His familiar faded blue England baseball cap, a cherished item, was stowed for much of the day in English cricket's most amply provisioned and immaculately packed kit bag, alongside assorted bits of carefully shaped sponge for padding his gloves and one of those things for putting rubber grips on bat handles.

On Thursday, during South Africa's first innings, the cap had been much in evidence as Michael Atherton sent his predecessor on what amounted to a farewell tour of cricket's headquarters, the scene of six of his 20 Test centuries, including the 333 against India four years ago.

As he fielded around the boundary during the day, pitching camp at all four points of the compass, he received warm personal applause. And yesterday, when he moved to a position at the south-western corner of the ground in mid-afternoon, the start of an over by Darren Gough was postponed until the occupants of the Tavern stand had completed a chorus of 'Happy Birthday', acknowledged by a seigneurial doffing of the white hat. In his 111th Test, Graham Gooch has become an institution.

It's all reminiscent of what Chris Evert used to say about the Wimbledon crowd: they don't love you until you've lost. Some of us were displeased by the decision to recall Gooch to England's colours at the beginning of the summer, feeling that a man who had exercised his inalienable right not to face the West Indian quick bowlers in the Caribbean had thereby forfeited the opportunity to harvest runs from New Zealand's medium-pacers.

But since his opening 210 in the first Test at Trent Bridge, perhaps the most apathetically received double-century by a home player in the history of Test cricket, it hasn't quite worked out that way.

Instead of sailing on a tide of big scores past Viv Richards into fourth place in the all-time list of Test-match run accumulators, Gooch has inched towards the target. He remains five runs short after his innings of 20 on Friday, and a more comprehensive failure in the second innings of this match might just leave that ambition forever out of reach.

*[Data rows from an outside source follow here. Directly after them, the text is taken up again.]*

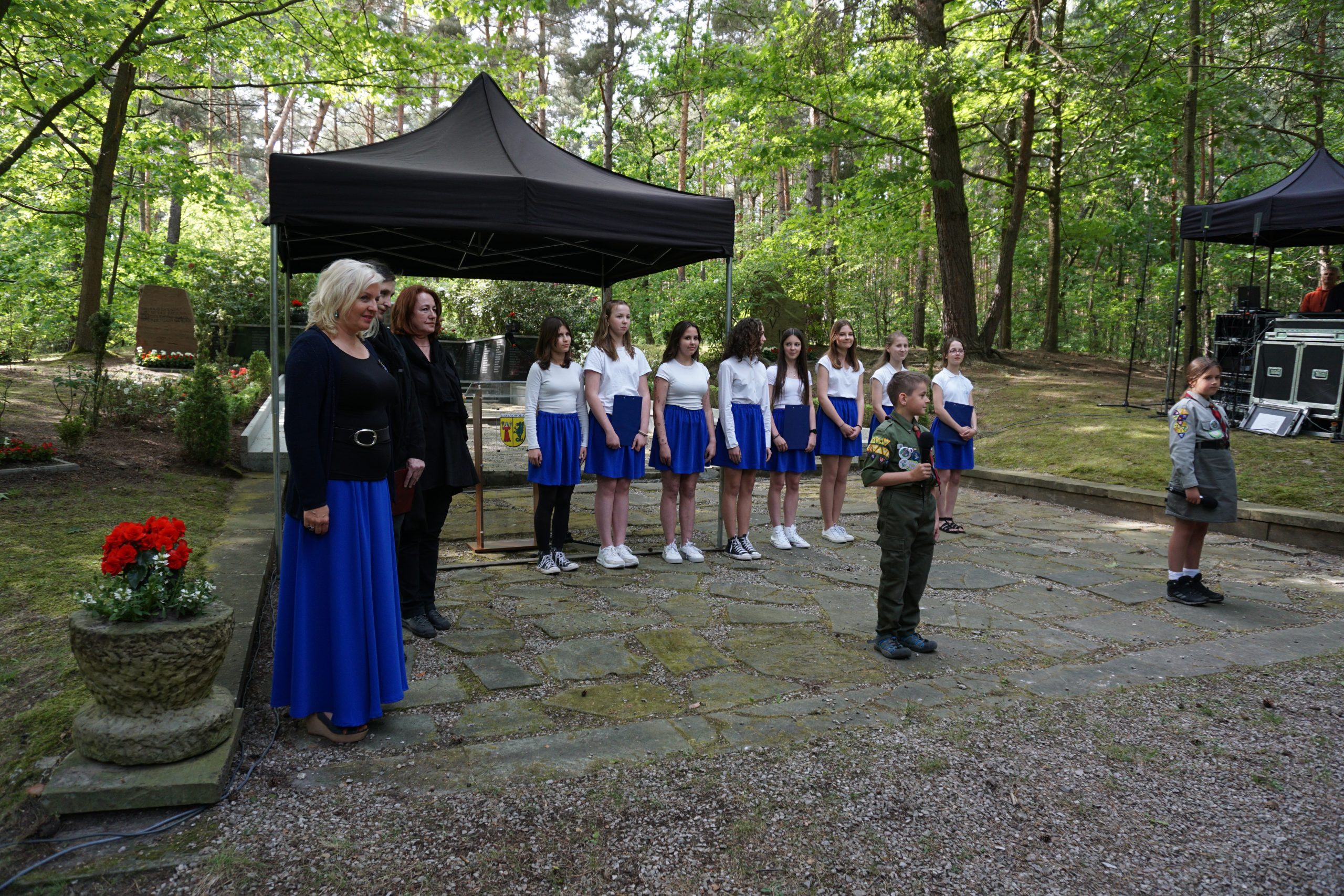 chór, dziewczynki ubrane w granatowe spódnice i białe bluzki, dwie kobiety oraz chłopczyk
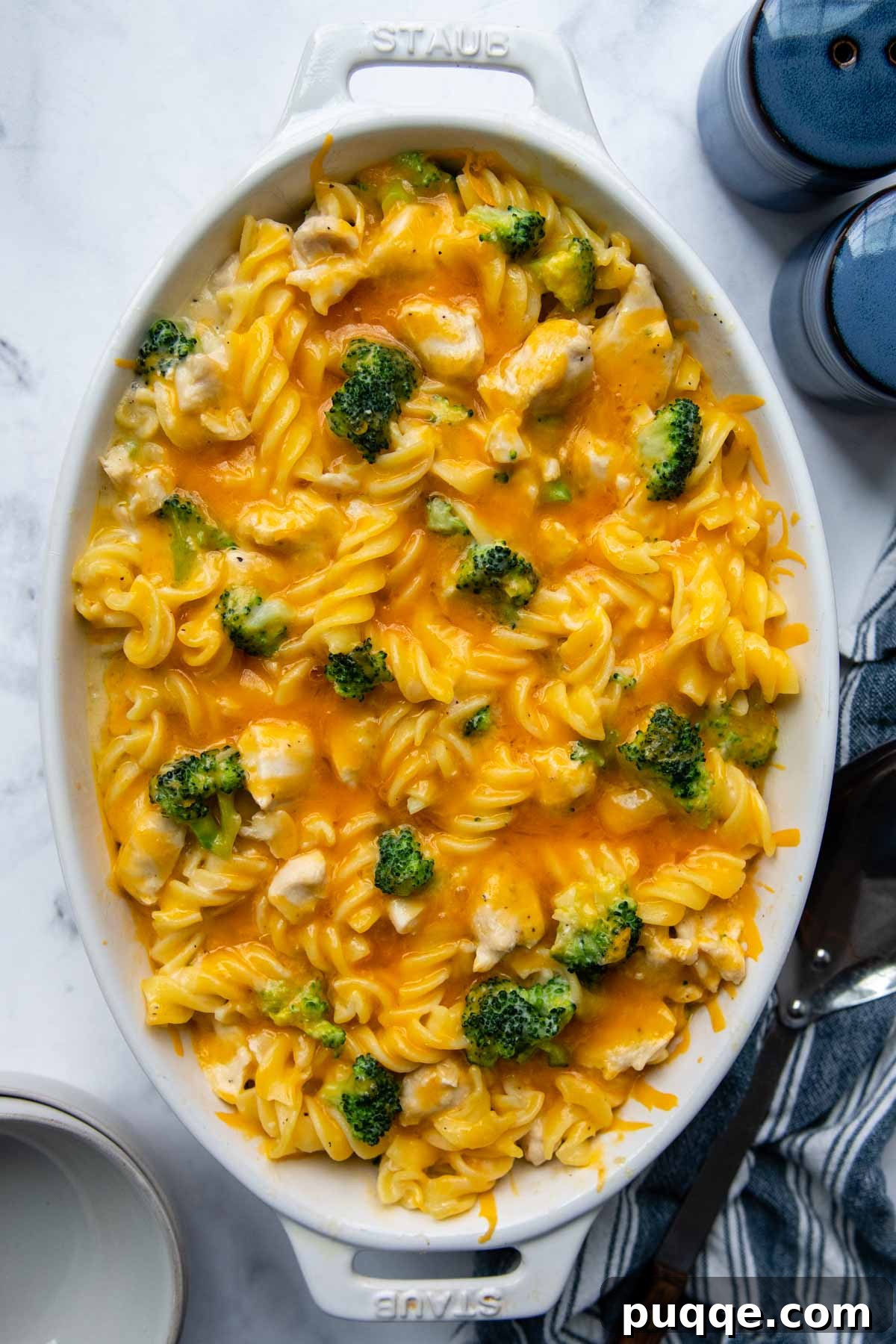 Overhead shot of a comforting chicken and broccoli pasta casserole with melted cheddar cheese on top.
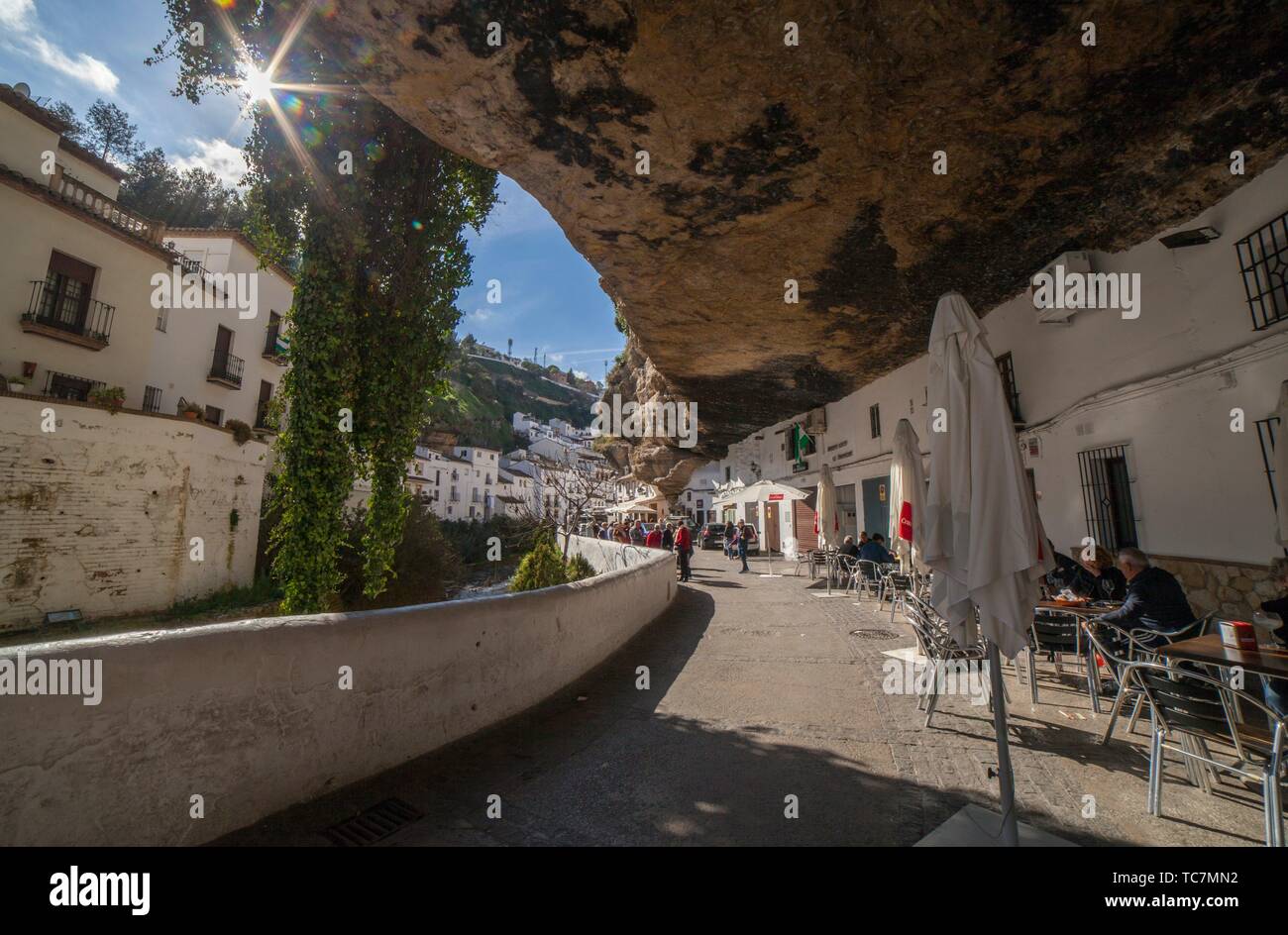 Setenil, Spain - March 4th, 2019: Street with dwellings built into rock  overhangs. Setenil de las Bodegas, Cadiz, Spain. Restaurants under rock  Stock Photo - Alamy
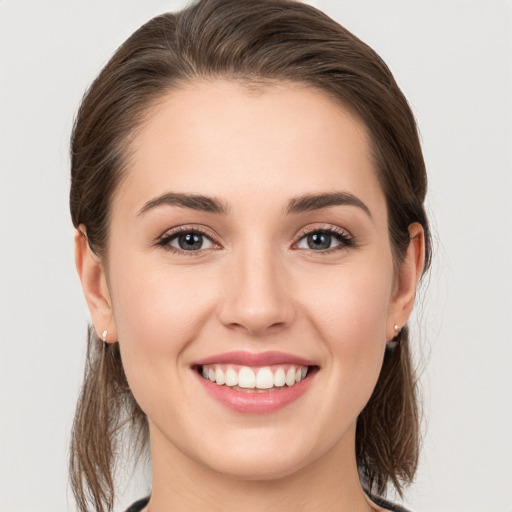 Joyful white young-adult female with medium  brown hair and grey eyes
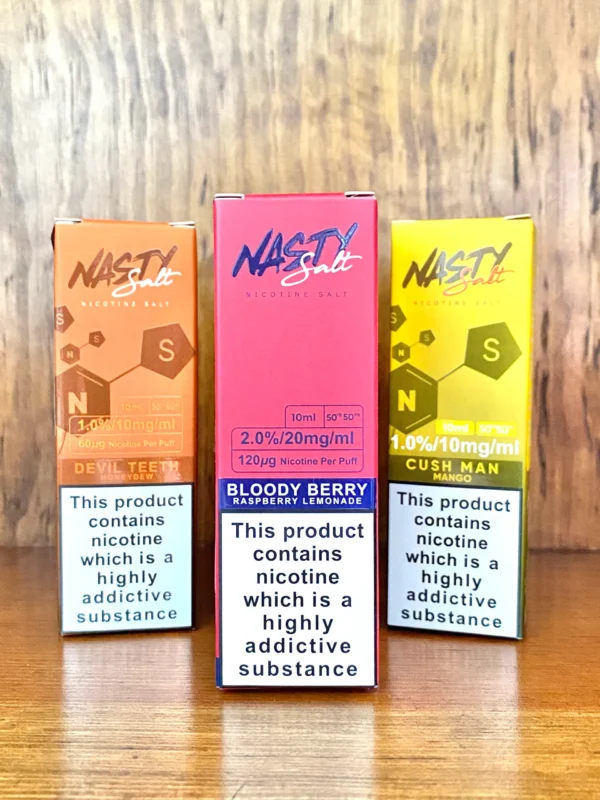 Nasty nicotine salts 10ml in 10mg and 20mg strengths and a variety of flavours on wood background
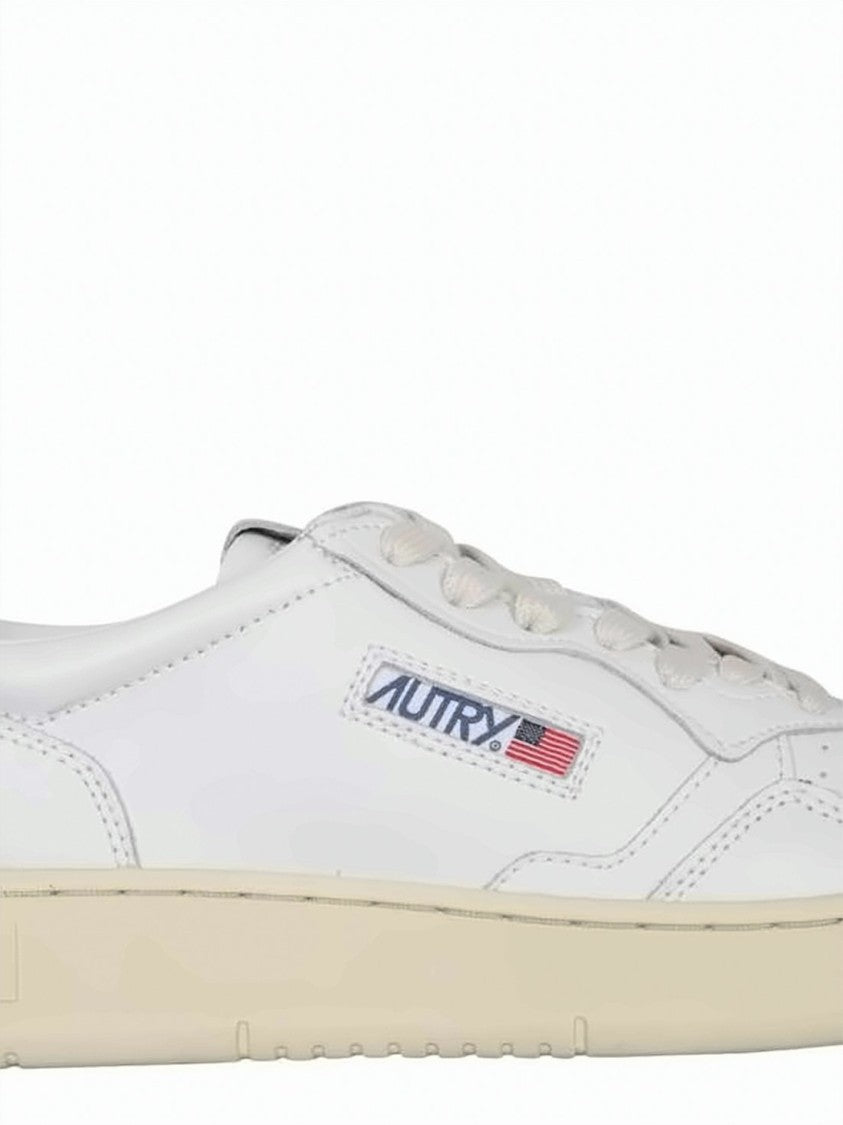 Autry Low-Top Leather Sneakers With Perforated Detailing And Accents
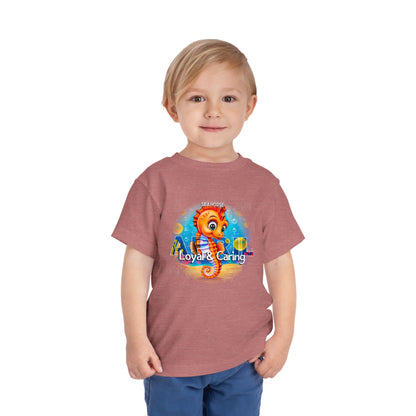 Toddler wearing kids birth month tshirt with colorful seahorse design and loyal caring text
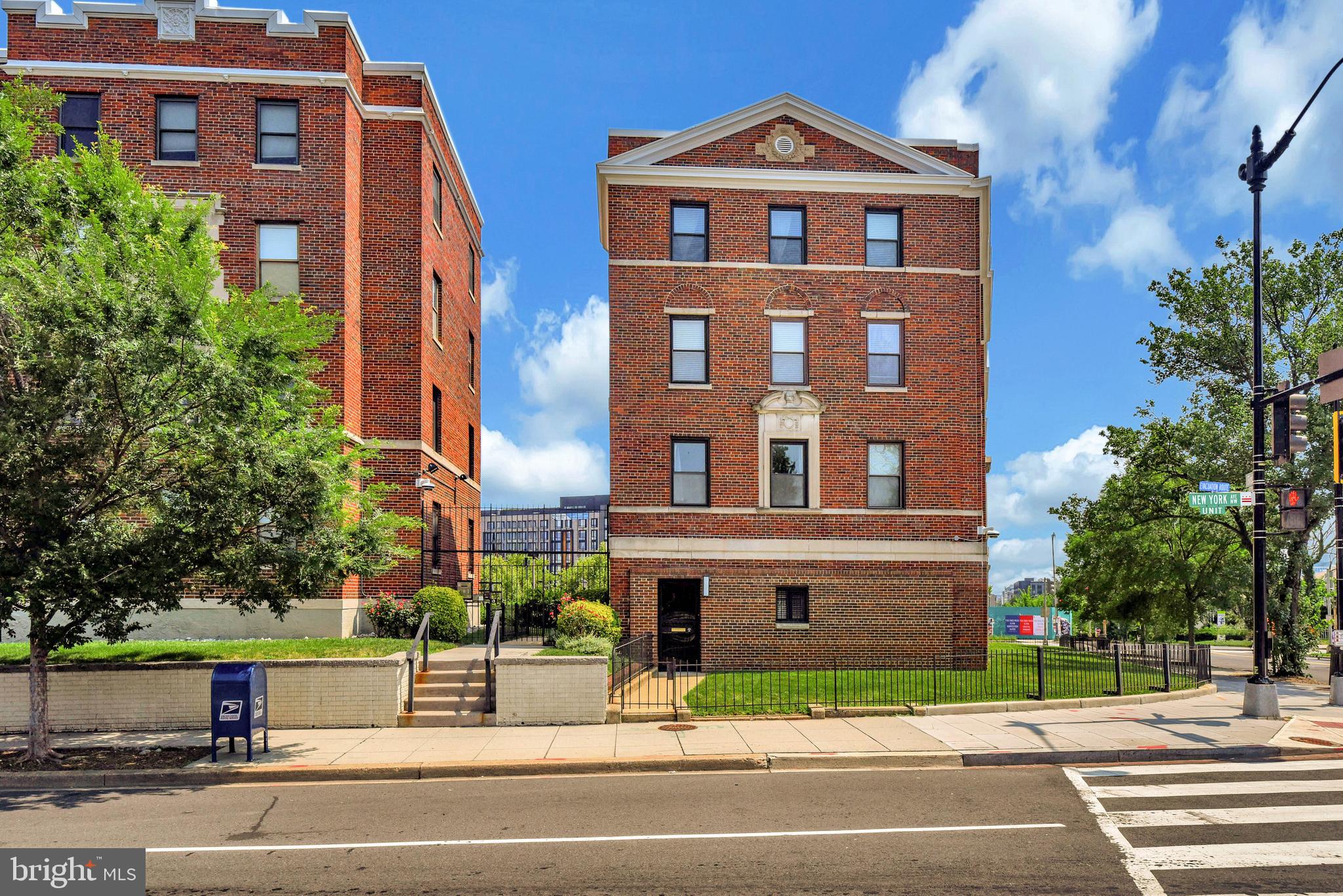 80 New York Avenue Northwest, Unit 303 Washington, DC 20001 - Photo 2 of 27 a view of a brick building next to a yard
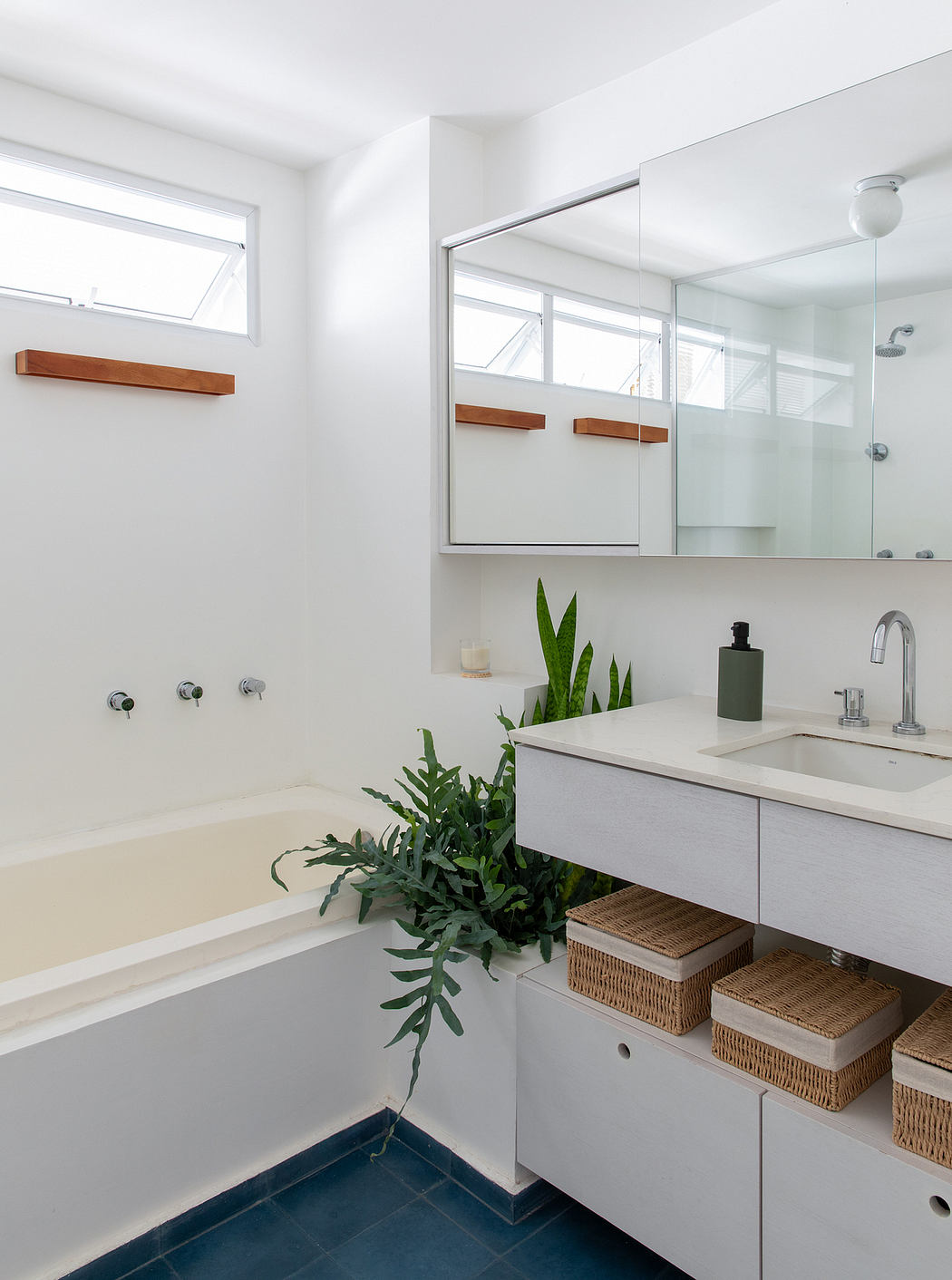 A modern, minimalist bathroom with clean lines, natural materials, and lush greenery.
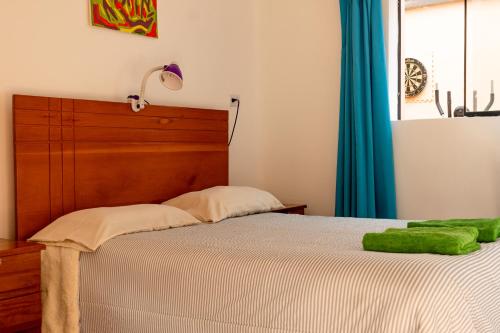 1 dormitorio con 1 cama con cabecero de madera y ventana en House in Cusco, en Cusco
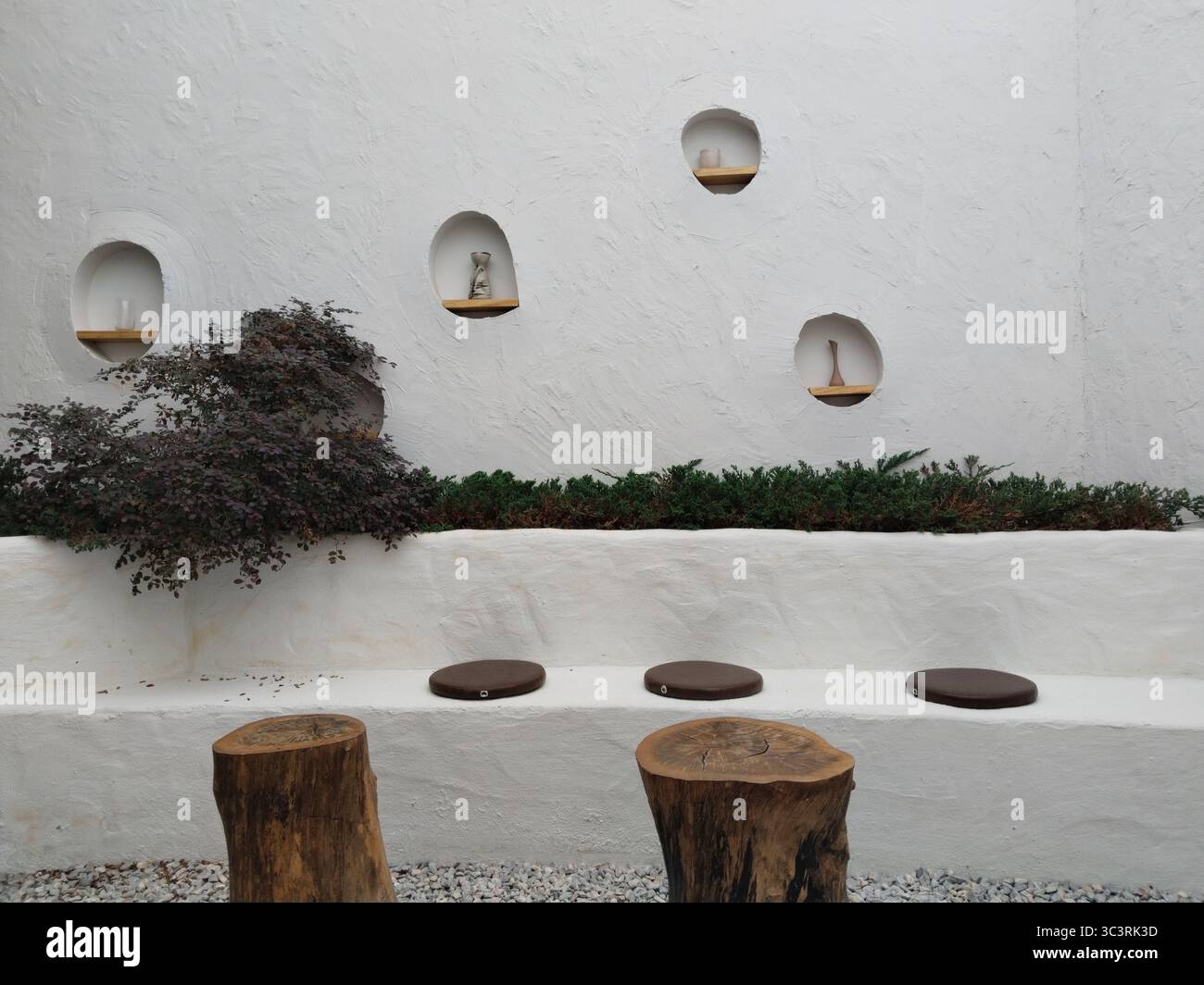 Espace dans une pièce décorée avec siège en bois et mur de texture de ciment blanc Banque D'Images
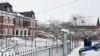 A photo made available by the Russian Investigative Committee shows police near the building of the Orthodox high school after an 18-year-old graduate detonated an explosive device on December 13.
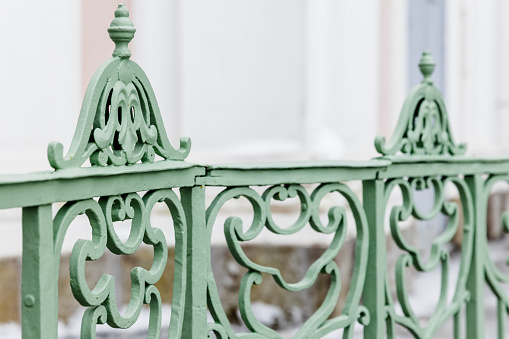 Decoration design elements of an outdoor vintage green forged railings, close up photo with selective soft focus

If so, he will have the consolation of the crowd's warmth throughout a series of sun- bleached days here. Deprived of the burden of captaincy, bereft of the runs which defined his existence, he has become an altogether more appealing figure, at last offering a glimpse of the private man. Now that the torch of leadership is in other hands, his shambling, round- shouldered silhouette seems less like an infuriating symbol of national impotence.

On a less sentimental note, there has been something new to admire in Gooch's game at Lord's. For most of his career he was a magnificent second slip, with fast eyes and flypaper hands. Now that he finds himself in semi-retirement in the deep field, far from the centres of activity and influence, his extreme professionalism is evident each time he retrieves the ball and returns it, fast and flat, to six inches above the bails.

That's a lifetime of dedication to good cricketing habits coming out, a curiously moving sight and, in a way that extends beyond the specifics of this match, as valuable as any century.